» Assigned task:
Would you copy the line that includes "living room featuring" and every line that follows it, down to the last line of the listing below, exactly as they stand?

» Record set:
· · · · · · ·

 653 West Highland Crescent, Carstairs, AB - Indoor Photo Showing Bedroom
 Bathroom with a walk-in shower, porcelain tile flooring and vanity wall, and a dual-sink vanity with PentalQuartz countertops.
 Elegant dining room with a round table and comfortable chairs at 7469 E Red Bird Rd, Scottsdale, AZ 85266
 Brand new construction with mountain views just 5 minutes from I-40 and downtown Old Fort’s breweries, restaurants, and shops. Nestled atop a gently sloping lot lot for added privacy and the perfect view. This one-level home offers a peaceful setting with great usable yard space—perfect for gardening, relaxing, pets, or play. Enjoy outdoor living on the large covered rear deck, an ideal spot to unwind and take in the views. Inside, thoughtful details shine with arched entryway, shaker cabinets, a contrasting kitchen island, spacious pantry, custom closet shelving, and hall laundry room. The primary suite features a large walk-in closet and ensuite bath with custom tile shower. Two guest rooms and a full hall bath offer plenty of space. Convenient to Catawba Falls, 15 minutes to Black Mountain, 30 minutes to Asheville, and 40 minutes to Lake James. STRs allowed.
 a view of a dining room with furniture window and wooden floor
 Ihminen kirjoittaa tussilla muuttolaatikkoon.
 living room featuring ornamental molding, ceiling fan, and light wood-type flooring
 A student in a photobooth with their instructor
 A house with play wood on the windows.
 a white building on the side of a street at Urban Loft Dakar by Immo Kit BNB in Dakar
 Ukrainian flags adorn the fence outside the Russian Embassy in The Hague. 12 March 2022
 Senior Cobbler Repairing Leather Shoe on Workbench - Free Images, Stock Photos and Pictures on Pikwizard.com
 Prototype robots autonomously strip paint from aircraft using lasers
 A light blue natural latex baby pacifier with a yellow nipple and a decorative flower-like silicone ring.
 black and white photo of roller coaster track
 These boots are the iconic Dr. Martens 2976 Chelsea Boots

· · · · · · ·

» Exercise answer:
 living room featuring ornamental molding, ceiling fan, and light wood-type flooring
 A student in a photobooth with their instructor
 A house with play wood on the windows.
 a white building on the side of a street at Urban Loft Dakar by Immo Kit BNB in Dakar
 Ukrainian flags adorn the fence outside the Russian Embassy in The Hague. 12 March 2022
 Senior Cobbler Repairing Leather Shoe on Workbench - Free Images, Stock Photos and Pictures on Pikwizard.com
 Prototype robots autonomously strip paint from aircraft using lasers
 A light blue natural latex baby pacifier with a yellow nipple and a decorative flower-like silicone ring.
 black and white photo of roller coaster track
 These boots are the iconic Dr. Martens 2976 Chelsea Boots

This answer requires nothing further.